Ioanna Iordanou is a Job-Search Adviser and Postgraduate Researcher Enterprise Skills Tutor at the University of Warwick. She also works as a Postdoctoral Researcher for Warwick Business School. She tweets (@IoannaIordanou) and blogs (Ioanna's Employ-Ability Blog).

In my previous two blog posts I underlined the urgency of turning one’s attention inwards in order to understand who they are and what they wish to pursue, while also identifying their strengths, needs and drives and building a robust skillset. Now it's time for action!

In this blog post, I will focus on action towards academic routes. We know for a fact that academic jobs at the moment are as effortless to find as a Hobbit under your bed! No surprise there! Yet, it’s easy bemoan the competition and toss the responsibility there. The question is, what do YOU do about it? What can YOU control in the process? And, trust me, there is a lot!

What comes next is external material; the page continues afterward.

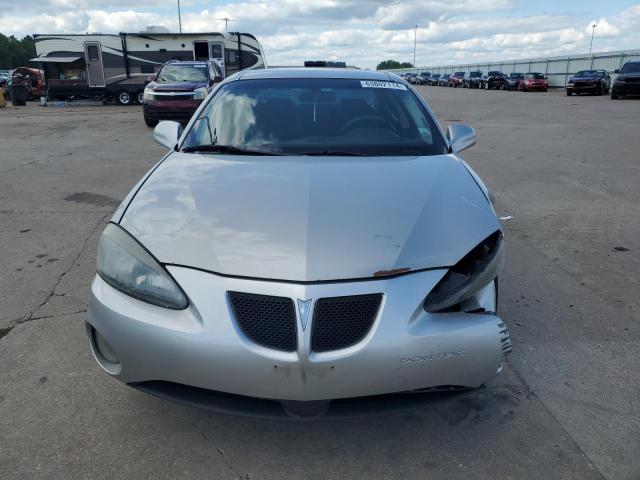 2G2WP552681104817 - 2008 PONTIAC GRAND PRIX 银色 照片 5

The 10 Commandments of the Academic in the Making

If you are really serious about an entry level academic position, it is paramount that you start thinking, breathing, talking and acting like an academic. The following are your new 10 Commandments:
1. Research agenda:

What you have done or are currently working on is not enough. What are your future research plans? Where do you see yourself 5 years from now? Don’t take this light-heartedly. The PhD experience has been uncertain enough! The traineeship is over! You’re a professional now and if you’re serious about your career, you’ll have to be a strategist. The more conscious you are of your research plan, the more clearly and coherently you can articulate it, the more convincing you will be about your reliability as future expert in your field.

2. Research Dissemination/Publications:

Be specific about the journals you wish to disseminate your research in; the publishers you wish to target; the conferences you wish to speak at.

3. Funding:

It’s all about the money and you know it. Any successful funding bids so far? Which funding bodies are you planning to approach? Have you thought of research projects that can attract funding? Time to start planning!

4. Impact:
If you are looking for a job in a UK (research-led) institution, you have to be able to demonstrate how your work is likely to engage wider audiences outside the academe. This could include:
  • Media/Press Engagement
  • Consulting
  • Policy input/Workshops for practitioners
  • Input to Industry

Now, except rather vague guidelines, there is no specific way of measuring the actual impact of one’s research. This is the farcical irony of the whole affair. Still, the more impactful your research is, the more likely it is to attact interest (and get you that promotion!) Consider how your work can have a tangible influence, implement an institutional change, or alter the way people think or act in a demonstrable way.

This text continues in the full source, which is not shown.